Momentan ist der Meßbereich von -50° bis +50° eingestellt. Ich möchte jedoch von ca. 0-120° messen können.

Hat irgendjemand die Anschlussbelegung der Schnittstelle (das wäre schon mal ein Anfang     ) dieses Umformers?
Muss die orginal Jumo Software zum Programmieren genutzt werden oder gibt es was vergleichbares?

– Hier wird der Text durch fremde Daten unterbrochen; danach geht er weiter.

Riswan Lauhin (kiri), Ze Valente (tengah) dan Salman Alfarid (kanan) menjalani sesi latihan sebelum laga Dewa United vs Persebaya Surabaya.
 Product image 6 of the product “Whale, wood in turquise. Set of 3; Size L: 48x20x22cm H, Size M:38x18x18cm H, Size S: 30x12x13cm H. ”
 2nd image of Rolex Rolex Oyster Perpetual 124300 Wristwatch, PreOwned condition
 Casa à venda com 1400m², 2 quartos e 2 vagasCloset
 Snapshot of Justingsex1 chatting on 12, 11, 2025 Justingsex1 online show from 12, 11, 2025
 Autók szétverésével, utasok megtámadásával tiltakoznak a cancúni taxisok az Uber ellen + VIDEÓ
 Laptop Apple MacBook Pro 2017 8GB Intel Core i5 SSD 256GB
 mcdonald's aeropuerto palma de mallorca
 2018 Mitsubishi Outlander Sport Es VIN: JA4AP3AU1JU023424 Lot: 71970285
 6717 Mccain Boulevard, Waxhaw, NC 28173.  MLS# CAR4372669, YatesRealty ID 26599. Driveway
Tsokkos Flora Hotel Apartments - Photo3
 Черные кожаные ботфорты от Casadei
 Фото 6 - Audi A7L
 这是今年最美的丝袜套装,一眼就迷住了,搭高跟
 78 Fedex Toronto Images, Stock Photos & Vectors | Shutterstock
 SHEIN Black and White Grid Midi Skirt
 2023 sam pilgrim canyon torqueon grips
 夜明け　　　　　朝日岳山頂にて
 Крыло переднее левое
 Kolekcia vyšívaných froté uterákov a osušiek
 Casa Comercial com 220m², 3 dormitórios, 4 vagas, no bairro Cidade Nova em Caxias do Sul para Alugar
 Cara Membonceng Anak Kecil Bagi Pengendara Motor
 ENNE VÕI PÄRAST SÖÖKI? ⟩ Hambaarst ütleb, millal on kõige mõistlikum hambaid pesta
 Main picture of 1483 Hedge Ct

Kann ich anders den Meßbereich erweitern?

Danke schon mal...

mfg Tom


----------



## Minisalami (7 Februar 2006)

*Jumo dtrans*

Habe mal die Anschlußbelegung herauszufinden. Die Programmierschnittstelle ist die dunklen Bereich quadratische Vertiefung
mit den 4Pins. Das weißt du wohl schon.
Es gibt dazu ein Standartkabel VARTN:95/00301315
das ist dummerweise auf der anderen Site in einem Doppel Sub D  25/9 
mit einer Decoder Platine versehen. 
Kann dir das Kabel ausleihen. Software habe ich nicht dazu . Aber wie ich 
Jumo kenne haben die ihr "Know How" geschütz. Und es lohnt sich nicht wegen einen MU den Aufwand zu Betreiben. Habe noch einen Haufen alter MU´s die das ohne Programmieraufwand machen. 
Die Platine vom Decoder hat Übrigens die Nummer 206754-27
vieleicht ist dir der Typ bekannt.


----------



## dollmas (9 Februar 2006)

Hallo, 

danke schon mal fürs Angebot! Dann muss ich mal schauen ob ich die Software irgendwo auftreibe.
Evtl. komm ich auf dich nochmal zurück!

Wo bekommt man günstige Messumformer (bei denen man auch selbst den Meßbereich bestimmen kann, z.B. mit Lötbrücke wie bei den alten Jumo's). Wenn ich so in ebay schaue, dann muss ich gut mit 50€ pro Umformer rechnen.....

Danke 
Tom


----------



## dollmas (9 April 2006)

*Hab einen!!*

Hallo zusammen,
hab mir jetzt so ein Kabel + Software selbst zugelegt! Falls jemand Bedarf zum Umstellen eines Umformers hat, kann sich gerne bei mir melden...

Tom


----------



## Conan100 (29 März 2007)

Hallo Tom,

ich bin günstig an einen Jumo dTRANS T02 gekommen. Und nun suche ich das ganze Web durch um erstmal irgendwie an die Software + Kabel zu kommen, außer es bei Jumo zu bestellen.
Wo hast du dein Kabel + Software her? War das Zeug teuer?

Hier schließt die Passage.